İlk ciddi genişletme,
Hz. Ömer (r.a)'in hilâfeti zamanında yapıldı. Güney tarafından
beş, Batı ve Kuzey taraflarından da onar metre ilave yapıldı.
Doğu tarafına ilâve yapılmadı ve Resulullah (s.a.s)'ın hanımlarının
odaları olduğu gibi kaldı. Kuzey, doğu ve batı duvarlarında
ikişer tane olmak üzere, kapı sayısı altıya çıkarıldı. Hz.
Ebu Bekir ve Hz. Ömer vefat ettiklerinde Peygamber (s.a.s)'ın yanına
defnedilmişlerdir.
Hicretin yirmi
dokuzuncu yılında Hz. Osman (r.a), mesciti yeniden inşa ettirdi.
Duvarları süslü taş ile yeniden örüldü. Taş sütunlar kullanılarak
mescitin bir kısmının üzeri kapatıldı. Kapılarının sayısında
bir değişiklik yapılmadı. Bu yenileme ile mescitin genişliği yüz
elli zıra, uzunluğu ise yüz altmış zıra'a çıkmıştır (İbnu'l-Esîr,
el-Kâmil fi't-Tarih, III,103; Suyütî, Tarihu'l-Hulefa, Beyrut
1986, 173).
Emevîler zamanında,
Medine Valisi Ömer b. Abdülaziz eliyle mescit yeniden inşa
ettirildi. Hicrî seksen sekiz'den, doksan bire kadar süren çalışmalarla
mescit, doğu, batı ve kuzey yönlerinden genişletilmişti.
Peygamber (s.a.s)'in hanımlarının odaları Mescide katılmıştır
(İbn Sa'd, a.g.e., I, 399). Resulullah (s.a.s)'in kabr-i şerifleri
Hz. Âişe (r.anh) validemizin odasında bulunduğu için bu odanın
sadece bir bölümü mescite dahil edildi.
Mescitin duvarları
taş ve kerpiç kullanılarak yapılmış ve mermerlerle kaplanarak
süslenmişti. Tavanı da Hindistan'da yetişen saac ağacı ile örtüldü
ve altın suyu ile yaldızlandı. Bu yenileme ile mescitin uzunluğu
ikiyüz zıra, genişliği de yüz altmış yedi zıraçıkmıştır.

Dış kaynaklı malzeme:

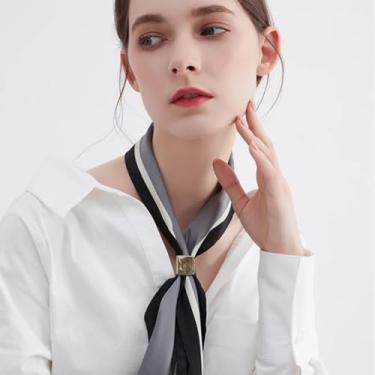 Imagem de Anel de cachecol de seda cubo com clipe de slides para mulheres, moda minimalista, exclusivo, fivela, prendedor de cachecóis, alfinete, camiseta, prendedor para o vestido lateral, acessórios de roupas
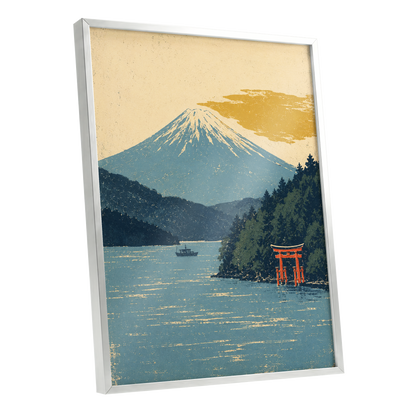 Beyond the Torii, blue, beige, green nature wall art shown as a silver framed poster wall art print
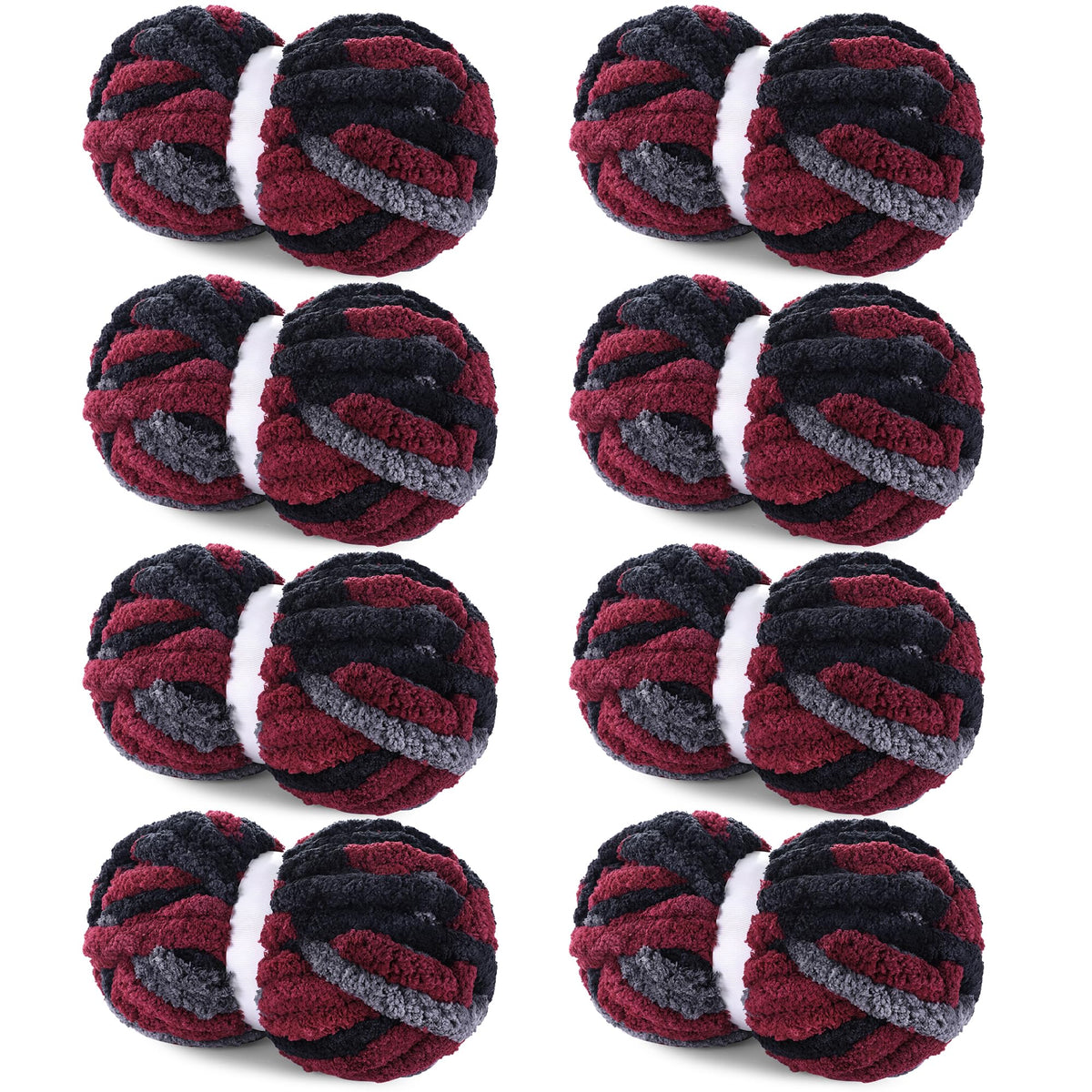 HOMBYS Wine Red,Black,Grey Variegated Chunky Chenille Yarn, 8 Skeins, 26 yd / 7.5 oz Each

Sütunları mermerden yapılarak, sütun başlıkları altınlarla süslendi.
Eyvanların yapımında taşlar kurşun kullanılarak birbirine geçirilip
sağlamlaştırıldı. Ravza-ı Mutahhara (Resulullah (s.a.s)'nın
kabrinin bulunduğu yer)'ın tavanı saac ağacı ile örtülerek
yazılarla süslendi. İlk olarak mihrab ve dört tane de minare yapıldı.
Abbasîlerden
el-Mehdî, Hicrî 162-778'de kuzey tarafından genişleterek, üç yıl
süren çalışmalarla mesciti yeniledi. Yine 202 (817) yılında
Me'mun, mesciti tekrar restore ettirdi.
576 (1180) yılında
en-Nasır Lidinillah, Resulullah (s.a.s)'den kalan değerli eşyayı
muhafaza etmek için mescitin sahnında kubbeli bir oda yaptırdı.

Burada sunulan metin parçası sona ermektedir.